Scan the records below for the line with "Armine İpek Tensel Monogram Şal 01" and the line with "FP ONE Free", and retype that range exactly, both ends included, pictures excepted.

#### Data shown:
========

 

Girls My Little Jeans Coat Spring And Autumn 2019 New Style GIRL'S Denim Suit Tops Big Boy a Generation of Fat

========

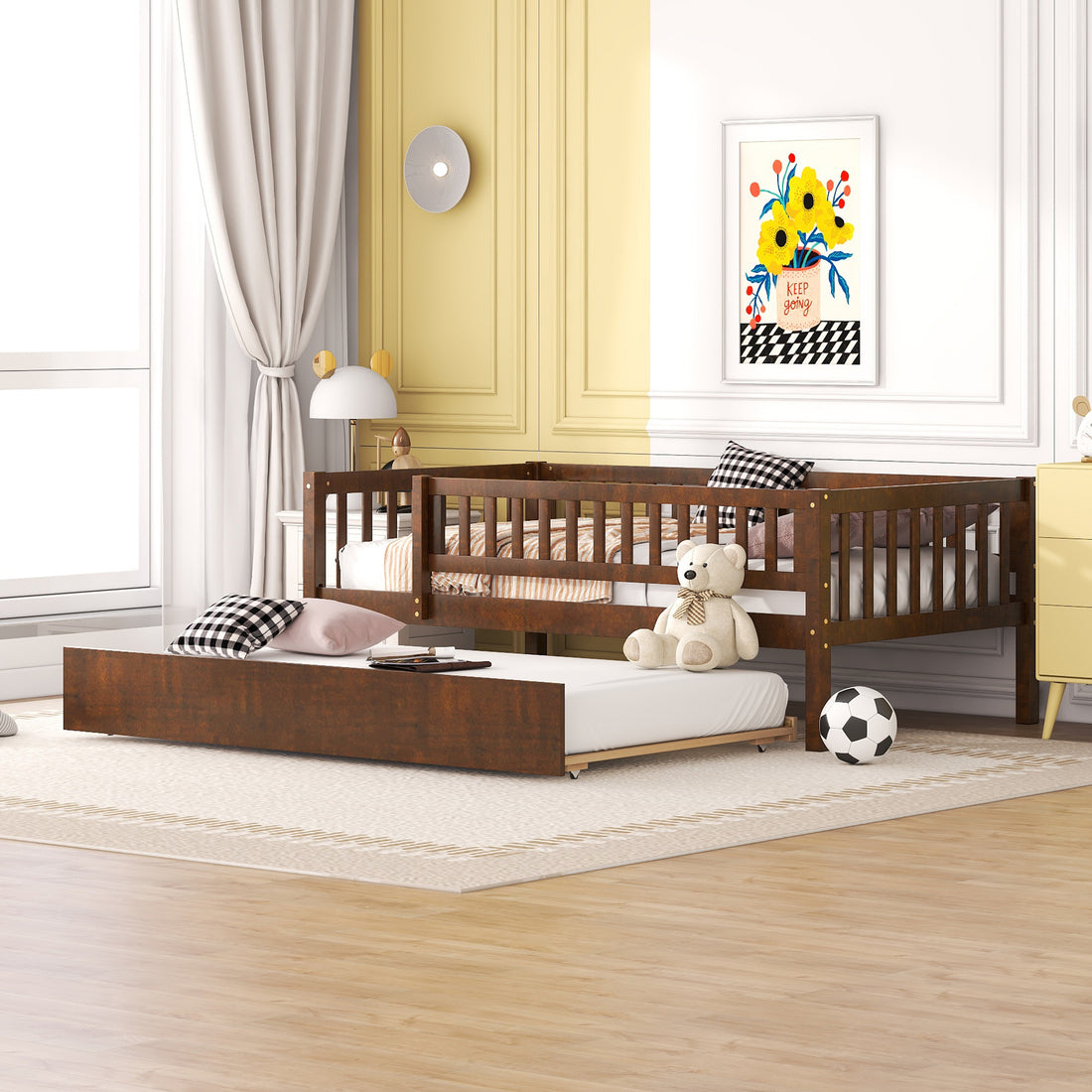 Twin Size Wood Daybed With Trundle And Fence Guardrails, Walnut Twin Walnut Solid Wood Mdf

========

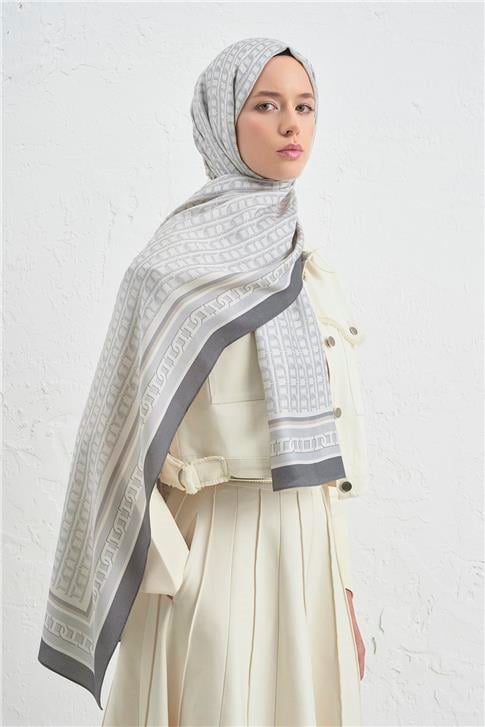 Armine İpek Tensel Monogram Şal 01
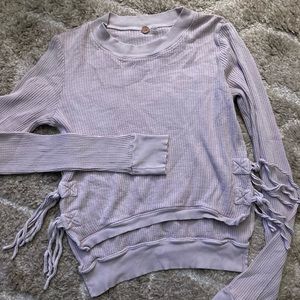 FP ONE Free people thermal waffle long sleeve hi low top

========

#### Written response:
 Armine İpek Tensel Monogram Şal 01
 FP ONE Free people thermal waffle long sleeve hi low top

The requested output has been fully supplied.